Im Verfahren, das zum genannten Entscheid geführt hat, verlangte der Kläger, die Beklagte sei zu verurteilen, ihm „vom zwischen dem 1. Juli 2003 und dem 31. Dezember 2012 entstandenen Direktschaden aus Erwerb, Haushalt, Kosten und Genugtuung“ Fr. 30’000.– nebst Zins zu bezahlen. Mit anderen Worten forderte er einen betragsmässig beschränkten Teil seines gesamten aus einer Körperverletzung resultierenden Schadens. Das Bundesgericht ging ausdrücklich davon aus, dass es sich dabei um eine sogenannte echte Teilklage handle (E. 4.1). In BGE 143 III 254, auf den es in diesem Zusammenhang verwies, hatte das Bundesgericht nämlich zur Unterscheidung zwischen echter und unechter Teilklage ausgeführt, mit der echten Teilklage werde nach der Lehre „ein quantitativer Teilbetrag aus dem gesamten Anspruch“ eingeklagt, wogegen die klagende Partei bei der unechten Teilklage „einen individualisierbaren Anspruch des Gesamtbetrages“ beanspruche (E. 3.4). Die Abgrenzung zwischen echter und unechter Teilklage wurde dort allerdings nicht mit Blick auf eine negative Feststellungswiderklage erwähnt, sondern hinsichtlich der Frage der Bestimmtheit des klägerischen Rechtsbegehrens. Zu beachten ist, dass das Bundesgericht seither auf das in BGE 142 III 683 formulierte Erfordernis verzichtet hat, dass immer, wenn mehrere Ansprüche in einer Klage gehäuft werden, davon aber bloss ein Teil eingeklagt wird, in der Klage zu präzisieren ist, in welcher Reihenfolge und/oder in welchem Umfang die einzelnen Ansprüche geltend gemacht werden. Es wird lediglich noch verlangt, dass die klagende Partei hinreichend substanziiert behauptet, es bestehe eine den eingeklagten Betrag übersteigende Forderung (BGE 144 III 452 E. 2.4; siehe seither auch Urteil 4A_342/2018 vom 21. November 2018 E. 2.3.2). 

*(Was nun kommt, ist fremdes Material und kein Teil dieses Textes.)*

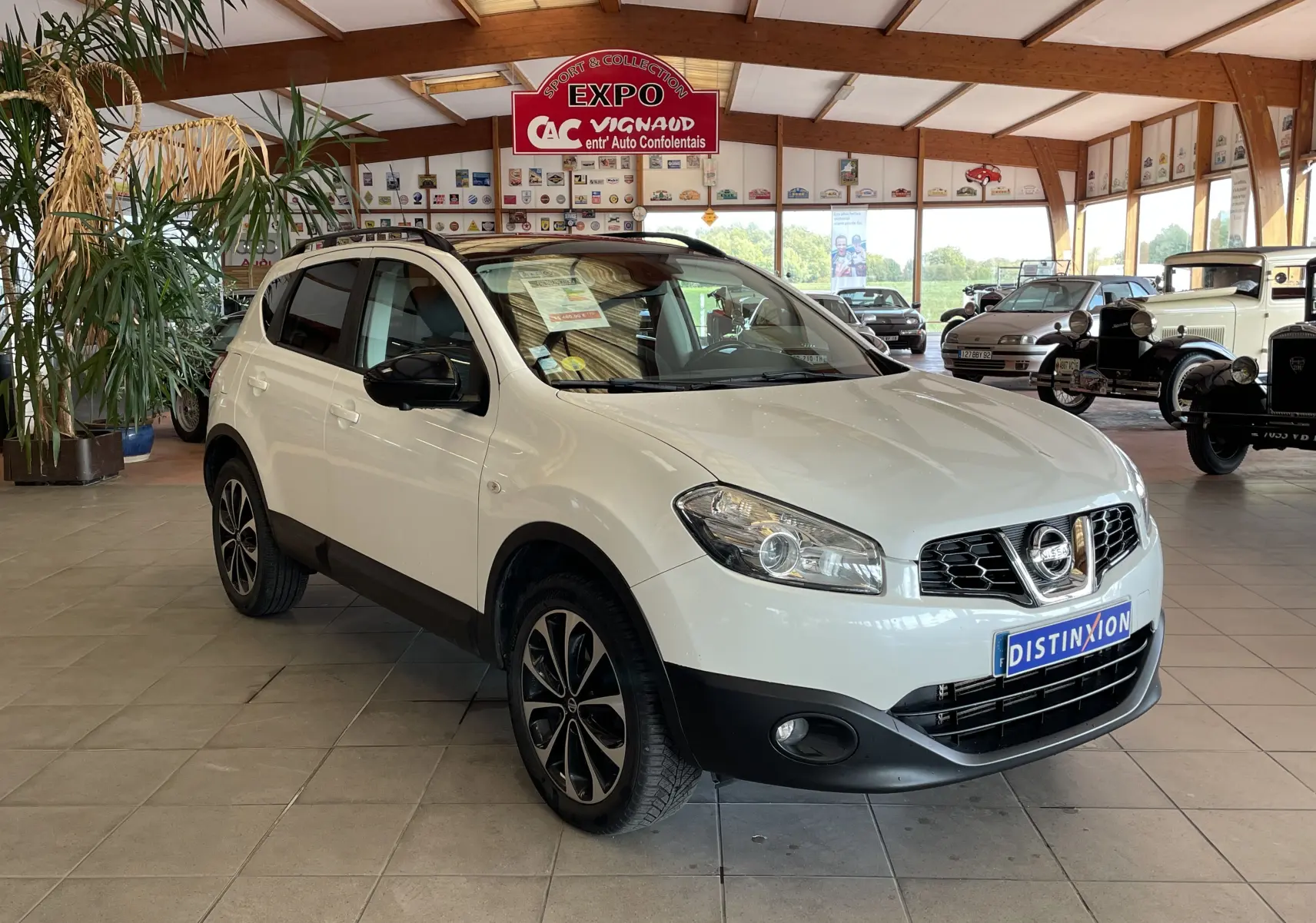 Nissan Qashqai blanc en 3/4 avant droit dans un showroom, avec jantes alliage et toit noir contrasté.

Auch im hier interessierenden Zusammenhang, das heisst bei der Frage nach der Zulässigkeit der negativen Feststellungswiderklage, kommt der heiklen Abgrenzung von Streitgegenständen nicht die Bedeutung zu, die ihr die Vorinstanz zumisst: Wenn das Bundesgericht in BGE 143 III 506 darauf hingewiesen hat, dass es sich um eine sogenannte echte Teilklage handle, dann deshalb, weil in solchen Fällen – etwa bei einer Klage auf Bezahlung eines vom Kläger einzig betragsmässig beschränkten Teils einer Kaufpreisforderung (siehe zum Beispiel Urteil 4A_366/2017 vom 17. Mai 2018 E. 5.2) – das Interesse der beklagten Partei an der negativen Feststellungswiderklage auf der Hand liegt, zumal sie den Streitgegenstand nicht anderweitig rechtshängig machen kann (Art. 64 Abs. 1 lit. a und Art. 59 Abs. 2 lit. d ZPO). Indessen ist die Ausnahme vom Erfordernis der gleichen Verfahrensart gemäss Art. 224 Abs. 1 ZPO nicht auf diesen Fall beschränkt, sondern gilt allgemein dann, wenn die Teilklage eine Ungewissheit zur Folge hat, die es rechtfertigt, im Sinne von Art. 88 ZPO die Feststellung des Nichtbestands einer Forderung oder eines Rechtsverhältnisses zu verlangen.